• [TASK TO CARRY OUT]
Below is a listing to repeat exactly, with its pictures left out.

--- PROVIDED RECORDS ---

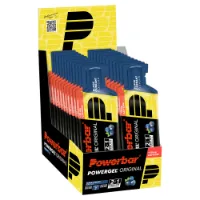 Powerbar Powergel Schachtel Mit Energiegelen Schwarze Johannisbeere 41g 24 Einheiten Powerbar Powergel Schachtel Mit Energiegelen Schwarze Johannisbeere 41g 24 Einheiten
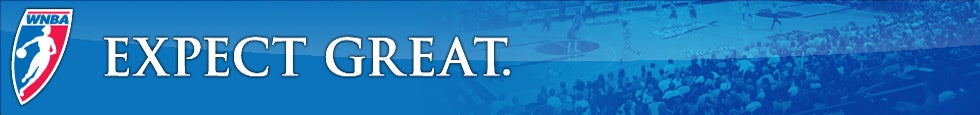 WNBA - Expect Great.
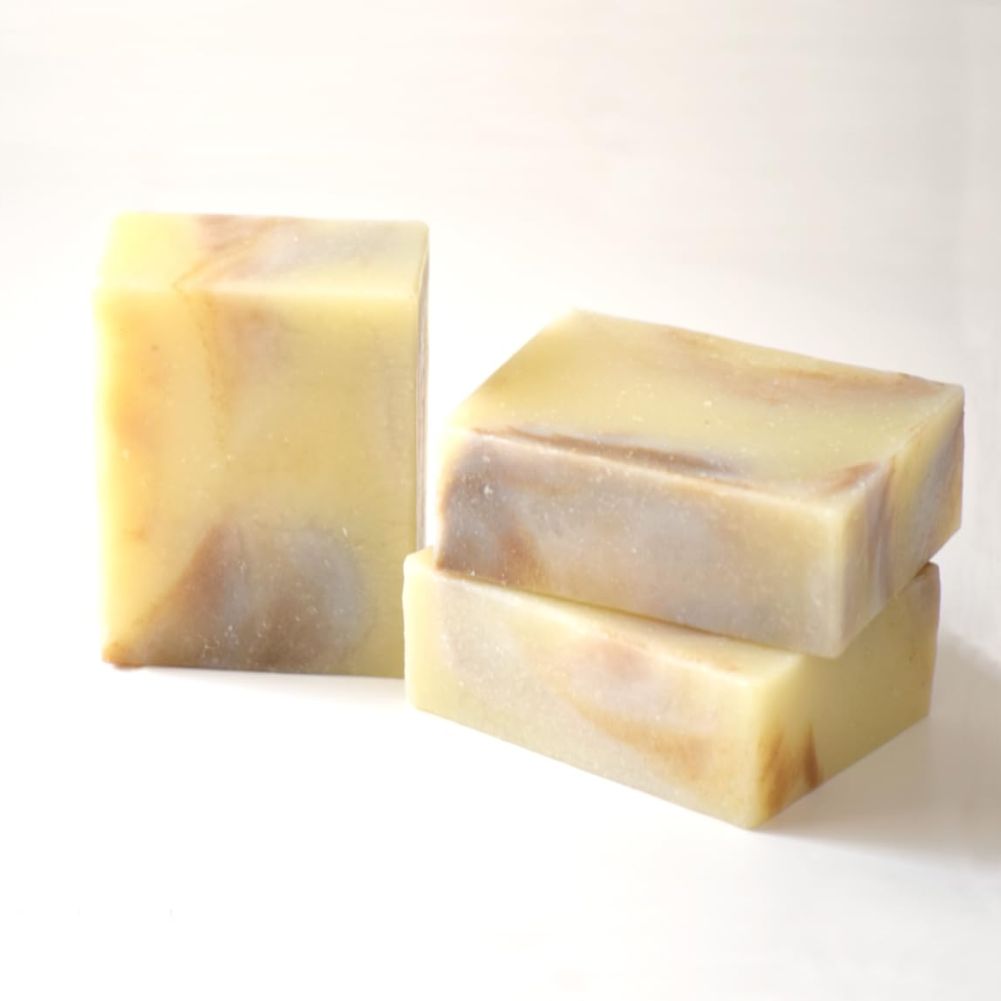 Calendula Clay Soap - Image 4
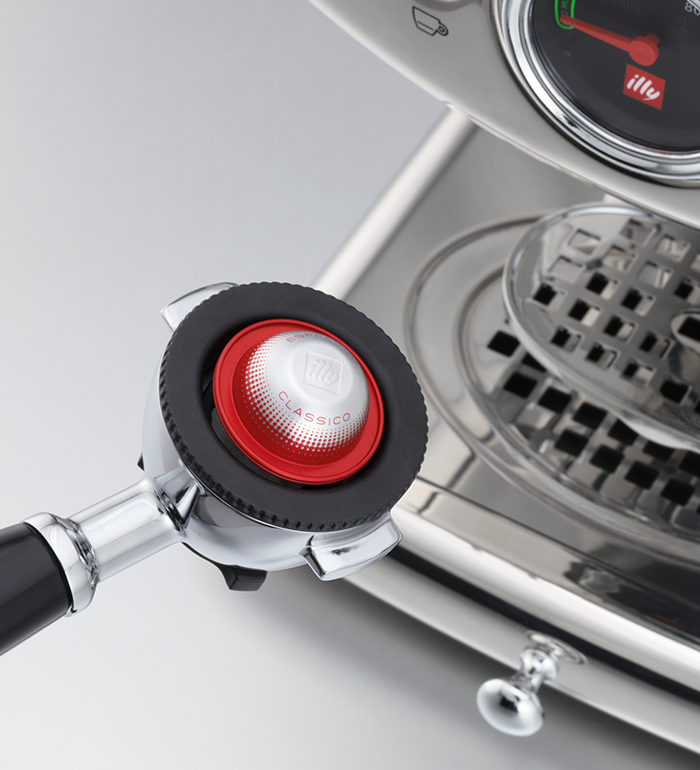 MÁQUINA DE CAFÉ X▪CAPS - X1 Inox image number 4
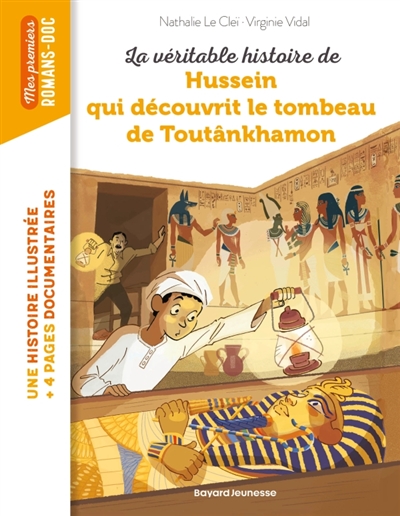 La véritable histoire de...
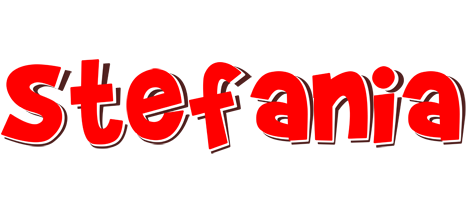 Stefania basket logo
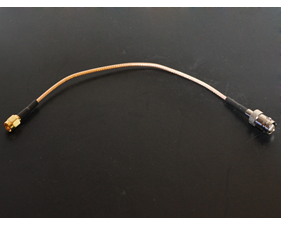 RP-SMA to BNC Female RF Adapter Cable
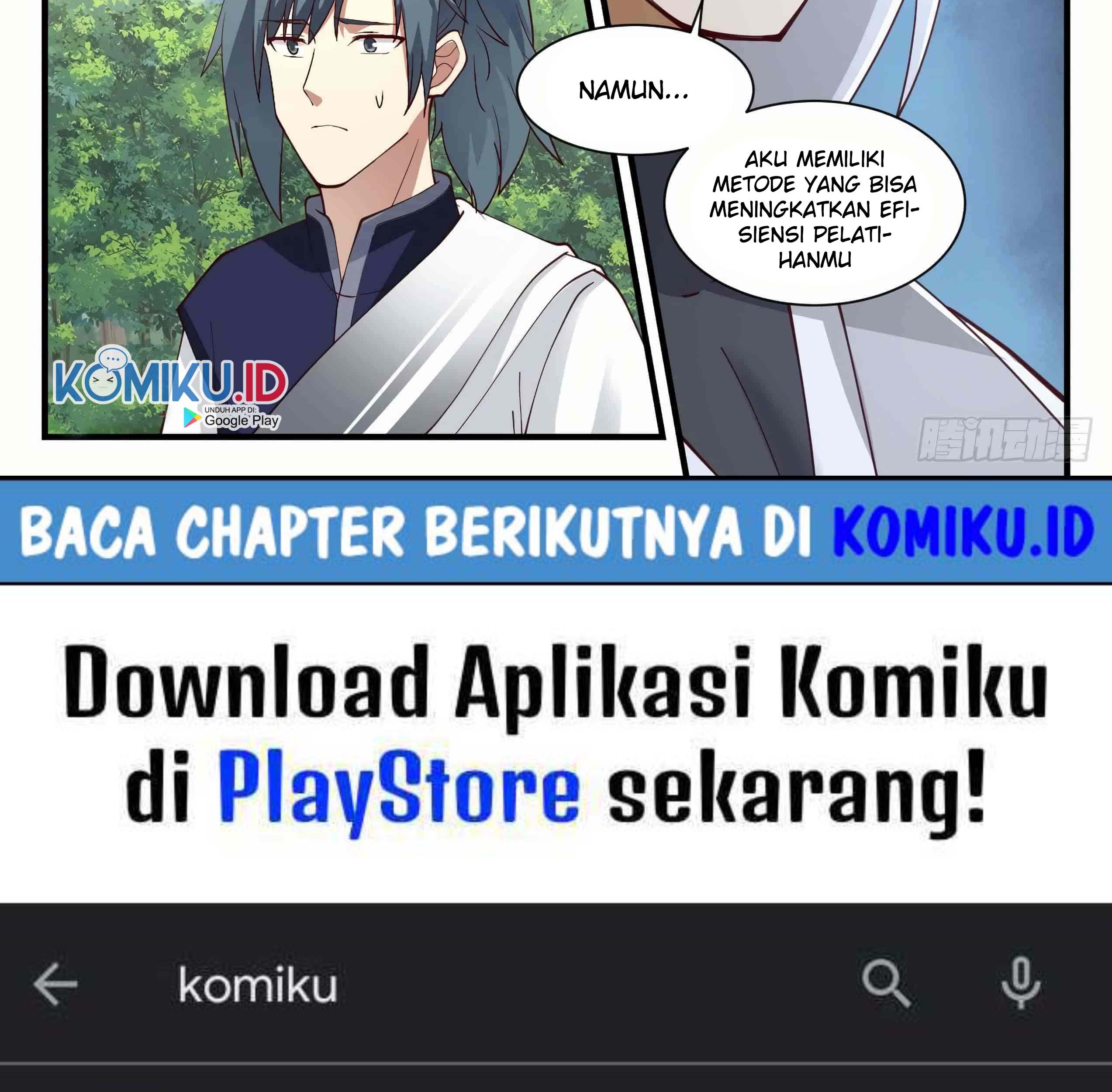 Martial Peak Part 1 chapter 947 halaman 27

---

• [TASK SOLUTION]
 Powerbar Powergel Schachtel Mit Energiegelen Schwarze Johannisbeere 41g 24 Einheiten Powerbar Powergel Schachtel Mit Energiegelen Schwarze Johannisbeere 41g 24 Einheiten
 WNBA - Expect Great.
 Calendula Clay Soap - Image 4
 MÁQUINA DE CAFÉ X▪CAPS - X1 Inox image number 4
 La véritable histoire de...
 Stefania basket logo
 RP-SMA to BNC Female RF Adapter Cable
 Martial Peak Part 1 chapter 947 halaman 27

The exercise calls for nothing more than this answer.